A man walks past the statue representing the cart of Mohamed Bouazizi, the fruit seller whose self-immolation sparked the revolution that ousted a dictator and ignited the Arab Spring, in Sidi Bouzid, Tunisia.
Tunisia's ruling coalition today announced that it had agreed on June 23, 2013, for presidential and parliamentary elections there, reported Reuters.
The country's leadership, led by the Islamic Ennahda Movement, is currently under fire over leaked tapes that allegedly reveal a more extremist agenda, according to the Associated Press.
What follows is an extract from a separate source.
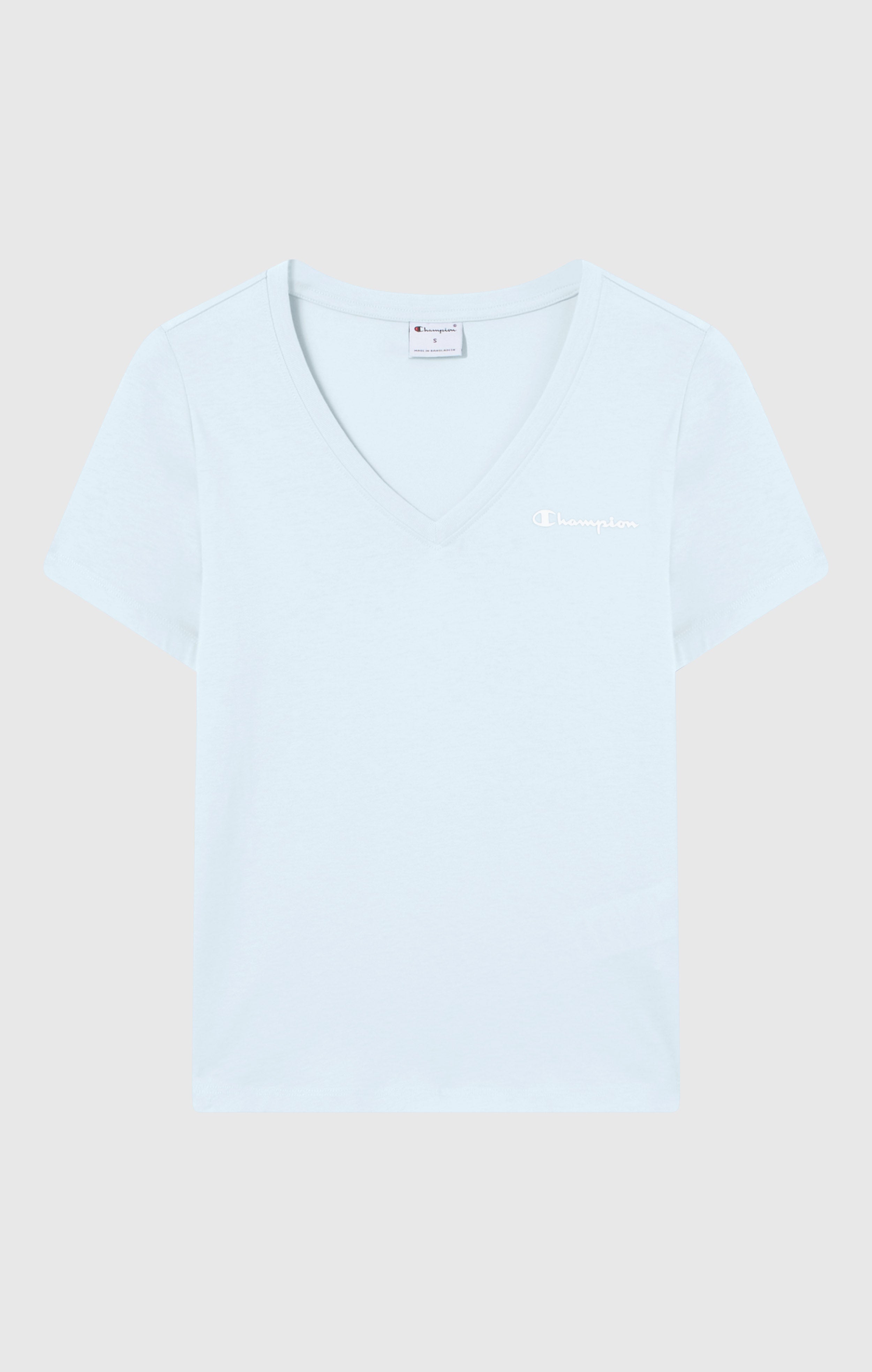 Damen T-Shirt mit V-Ausschnitt Icons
Activists have also accused the party of trying to cling to power in order to push through legislation sympathetic to its Islamic platform.
However, Ennahda on Saturday agreed to cut a controversial blasphemy clause from the country's proposed constitution, reported Agence-France Presse, possibly in response to fears of creeping Islamization.
Today's agreement on the date for a presidential election still needs to be authorized by the Constituent Assembly, but the ruling coalition holds a majority of the body's 217 seats, said Reuters, citing a coalition statement saying:
"We agreed on the choice of a mixed political system where the election of the president of the republic will be directly by the people … The political system will ensure a balance between authorities and in the executive authorities."
Ennahda won elections in October 2011 following a mass uprising against the nation's authoritarian leadership, triggering a string of similar uprisings throughout the region known as the Arab Spring.
The Islamic group, which describes itself as moderate, runs the country alongside two secular parties, the Congress for the Republic and the Ettakatol, according to Reuters.